* WHAT YOU SHOULD DO *
Every line below should be set down exactly as it appears.

* DATA SHOWN *
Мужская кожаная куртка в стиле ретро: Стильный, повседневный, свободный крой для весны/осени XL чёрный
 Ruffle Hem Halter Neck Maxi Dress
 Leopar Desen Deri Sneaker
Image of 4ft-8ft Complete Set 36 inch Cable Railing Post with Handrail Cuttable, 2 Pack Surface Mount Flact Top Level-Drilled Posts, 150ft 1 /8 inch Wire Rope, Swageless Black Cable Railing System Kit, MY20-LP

* EXERCISE RESPONSE *
Мужская кожаная куртка в стиле ретро: Стильный, повседневный, свободный крой для весны/осени XL чёрный
 Ruffle Hem Halter Neck Maxi Dress
 Leopar Desen Deri Sneaker
Image of 4ft-8ft Complete Set 36 inch Cable Railing Post with Handrail Cuttable, 2 Pack Surface Mount Flact Top Level-Drilled Posts, 150ft 1 /8 inch Wire Rope, Swageless Black Cable Railing System Kit, MY20-LP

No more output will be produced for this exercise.